Institutional investors aren’t in the investing business—they’re in the risk business. Generating investment returns is increasingly less about picking the right security and more about managing the risk/reward profile of the portfolio over time. Risk management is not, of course, an exact science, as its ultimate goal is to predict the future. And just as every artist has their preferred medium, every portfolio manager and risk analyst also has their own distinct ways of modeling risk.
Risk management platforms of the past, whether built internally by the investment firm or bought off the shelf, were robust but often designed with a singular focus in mind. This has made it hard for investment managers to expand into new markets and new products, as current systems are often insufficient to fully evaluate if the risk is worth the potential reward.

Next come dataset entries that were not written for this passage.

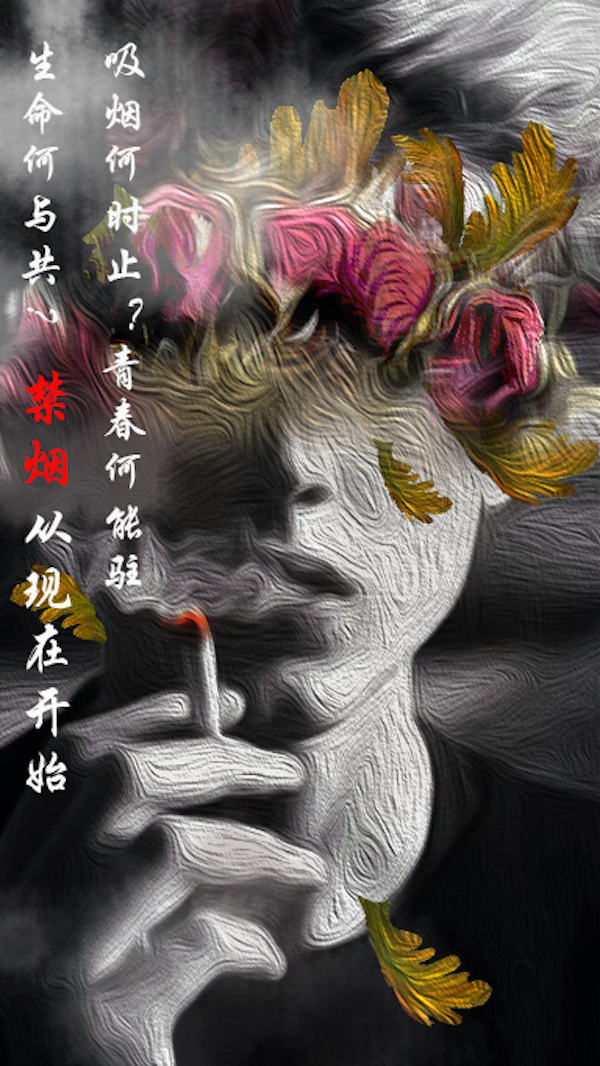 ok1133诸侯快讯网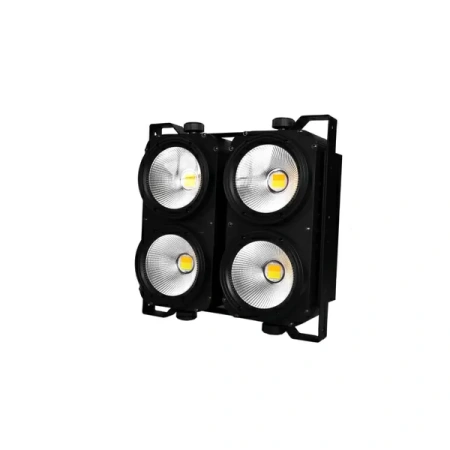 Купить LightCraft Blinder 4x100W COB WW+CW по выгодной цене в Челябинске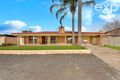 Property photo of 39 Sandpiper Court Modbury Heights SA 5092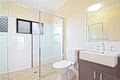 Property photo of 13 Mackerras Street Redlynch QLD 4870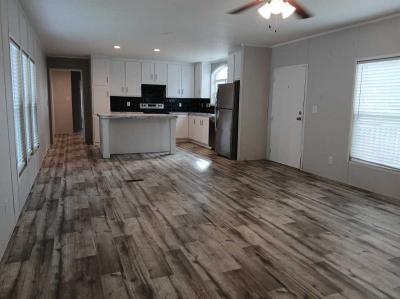 Mobile Home at 305 W Elms Road #15D Killeen, TX 76542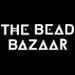 TheBeadBazaarMiami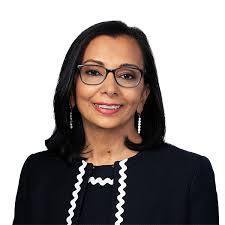 MoForever Alumni Spring/Summer 2025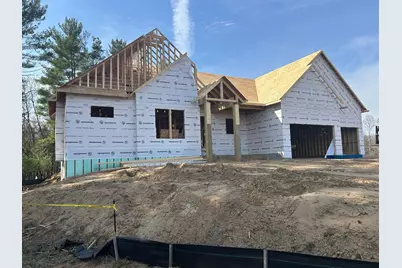 17974 Staples Street NE, Andover, MN 55304 - Photo 1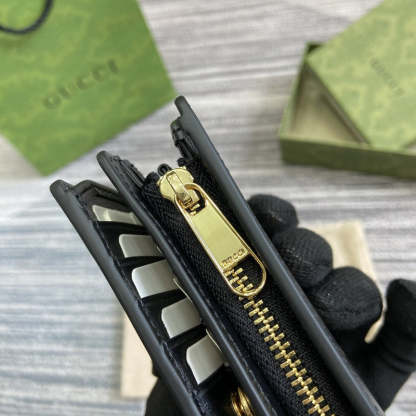 Disarh - GG Bags - 026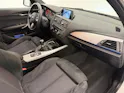 BMW 1er Reihe F20 120d xDrive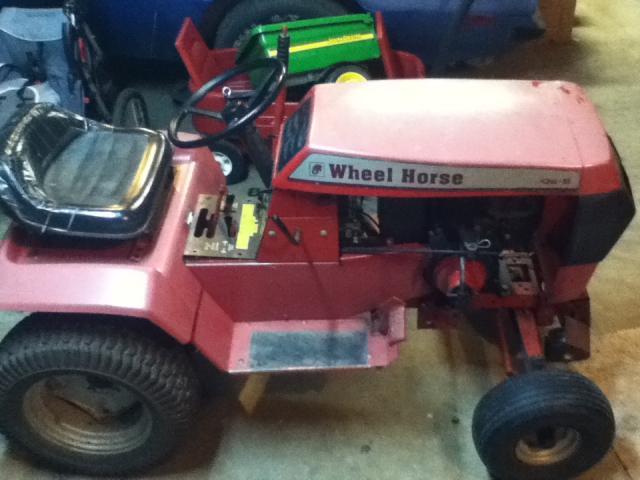 post-7547-0-88613100-1338726479_thumb.jp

That era is ending, however, as commercially available risk technology now provides an amazing level of flexibility that ensures one firm’s implementation looks nothing like the firm’s across the street. Institutional investors are coming to grips with the size of the opportunity these innovations can offer, and they are spending to ensure they can capture it.Methodology
In the first quarter of 2018, Greenwich Associates interviewed 54 asset managers, hedge funds, pension funds, and insurance companies about their use of risk management technology. The analysis, which includes responses from portfolio managers, risk managers, traders, and quantitative analysts, examines current platforms used, concerns with those platforms, demands for new functionality, and drivers for change in the coming year.